彼らが帰った後は、早速再現にとりかかるのが娘ちゃんらしいところです。親戚の結婚式でもらって大事にとってあった砂糖菓子の包みをおもむろに開いて、ソファの上からばら撒きはじめました。

ん?何か違う・・・・?

そう、彼女が経験したことのあるお菓子に関するイベントごとのなかで一番印象にのこっているのは、この夏、イタリアで結婚式に参列したときの人々が砂糖菓子を投げるシーン・お菓子を渡す、というハロウィンのこの場面で彼女のなかでなにかがフラッシュバックしたらしいのです。

「お菓子くれないと、いたずらしちゃうぞ、って言ってね。そしたら投げて、そしたら拾うのよ!」とアクセル全快のむすめちゃんでしたが投げたそばから愛犬Bちゃんがお菓子をねらっているし、床に落ちたお菓子は食べられないし・・・ということで、ひとつひとつ折り紙にくるむことにしました。

それからお面もあったほうがいいということになりました。
「何のおばけがいい?」とたずねると「こわ~いおおかみ!」と即答する娘ちゃん。

ストックマーのクレヨンとLAYLAの色鉛筆で色をつけると「こわ~いおおかみ」どこかメルヘンチックでやさしい仕上がりになりました。

※娘ちゃんはステイ先の5歳の女の子です。とても元気!

2009年11月3日火曜日

いちばんはじめのクリスマスのおはなし


今日は外遊びの会の主催で、以前から準備をしていたクリスマスの人形劇劇をしました。
お人形は会員のお母さんの有志の方による手作りの力作です。丸みを帯びてふわっとした雰囲気がとても愛らしいお人形です。ベビーカーできた小さな子から小学生までのさまざまな年齢の子どもたちとお母さん方が参加してくださいました。

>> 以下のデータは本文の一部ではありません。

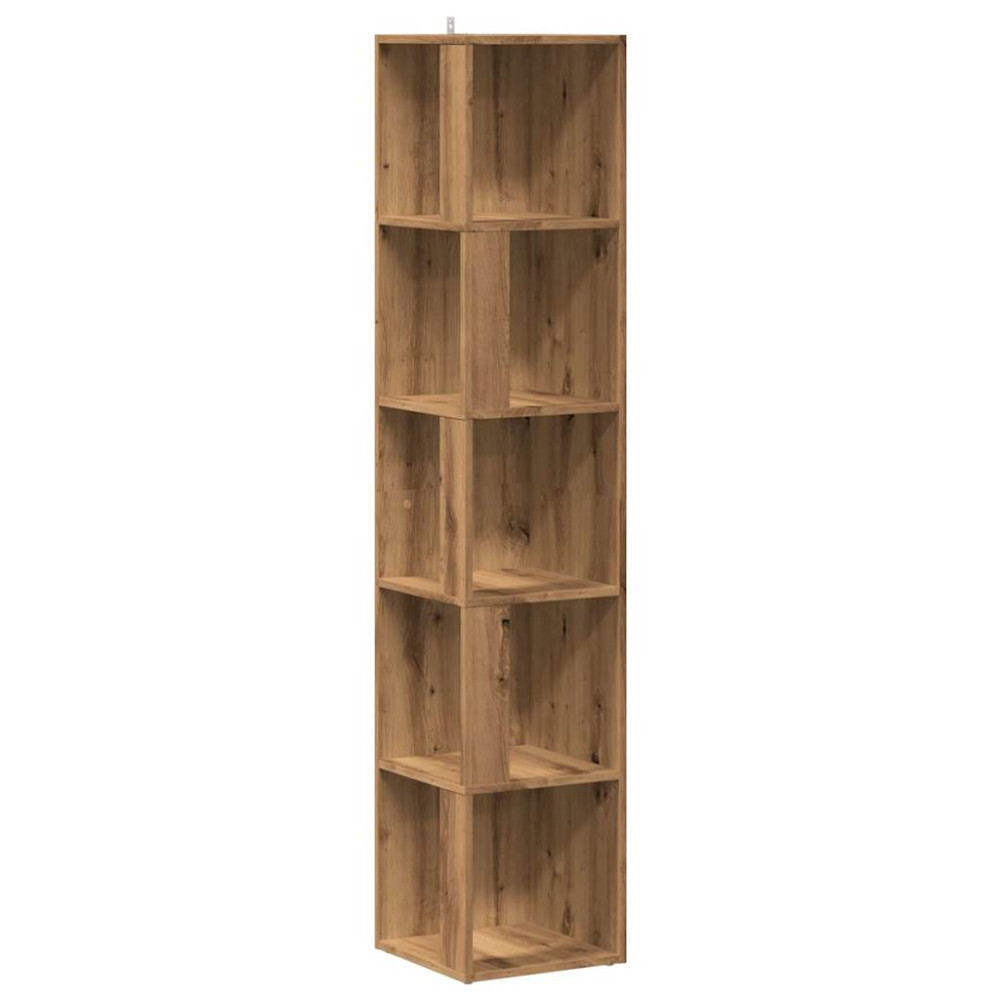 Produktbild för Hörnskåp artisan ek 33x33x165 cm konstruerat trä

日本ではクリスマスといえば、サンタクロース、もみの木、プレゼントという3点セットをまず思い起こされる方が多いことと思います。クリスマスの本当の意味に触れる機会をもってもらえたらと思って、今回はベルギーにやってきました。待降節の前にクリスマスの生誕劇をどうしても子どもたちにみせたくて、時期的にはて少し早いのですが秋休みで仕事がないのと大学がたまたま授業のない時期が重なり、チャンス!と思い、このお話をするためにやってきました。

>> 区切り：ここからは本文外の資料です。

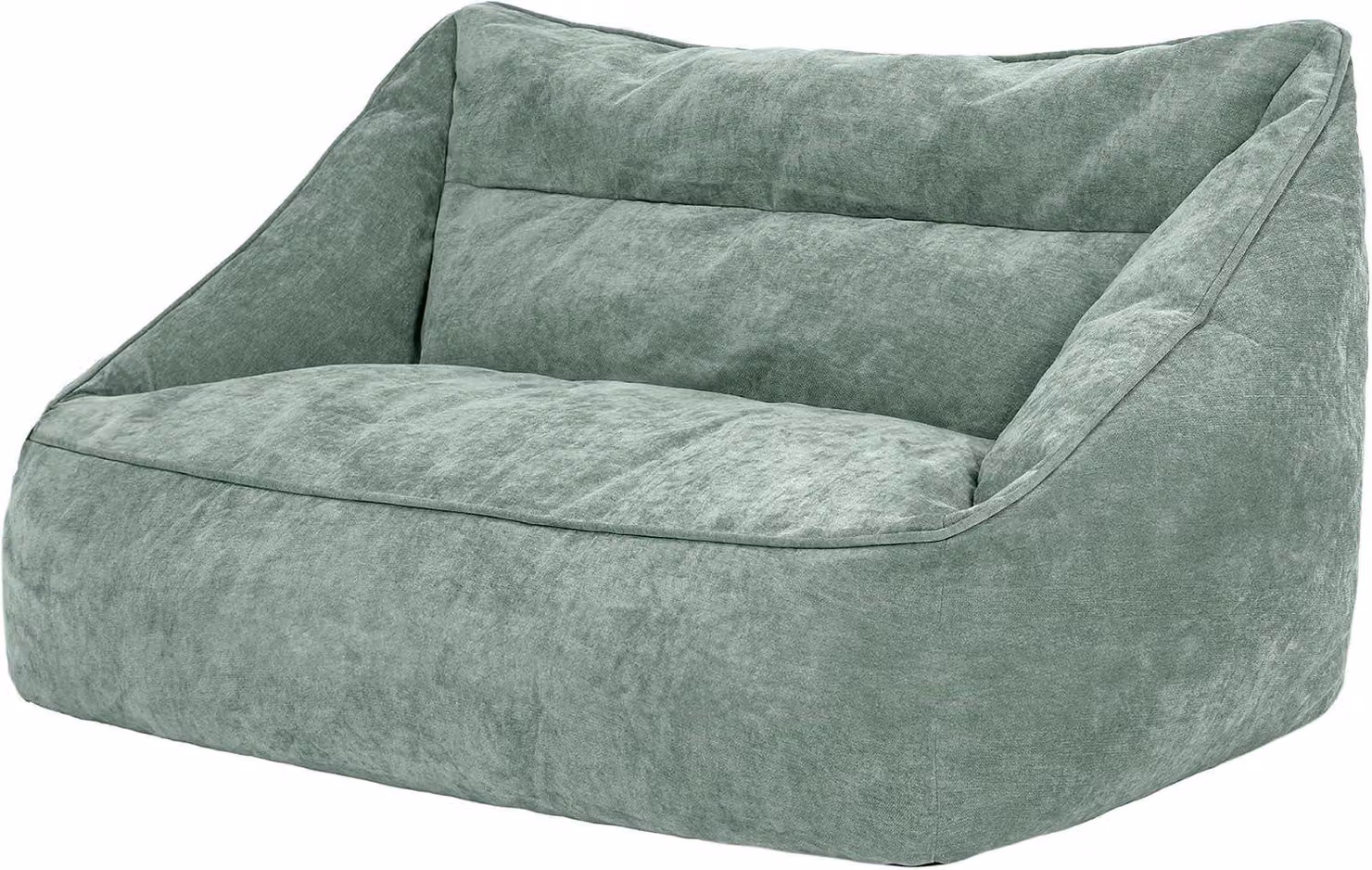 Divano letto, pouf-divano, color verde salvia, tessuto in chenille, divano a due posti, pouf per adulti con imbottitura inclusa, divano, ecc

遠方から出かけた先でこうしたお話会をするに際しては、毎日顔を合わせる幼稚園の先生と子どもとは関係性がまったく違います。テーブル劇をはじめてみる子、私と会うのがはじめての子の心をお話に向けられるようにいざなうところで大変な注意を要します。お話をしっかり頭にいれて、お人形のよい動かし方を確認することはできても、子どもたちをいかにお話へといざなうかという部分はその場でないとできないことで、おもしろいところでもあり、ドキドキするところでもあります。(育児サークル等のリーダーや読み聞かせの読み手をされる予定のある方、してみたい方は絵本自体の読み込みや活動のコンテンツの準備に目が向きがちになるかと思いますが、そこへどう子どもたちの意識をいざなうかというところもぜひ意識してみてください。)今回は「おはなしこびとさん」とお母さん方のご協力で静かなお話のひとときをもてたこと、ありがとうございます。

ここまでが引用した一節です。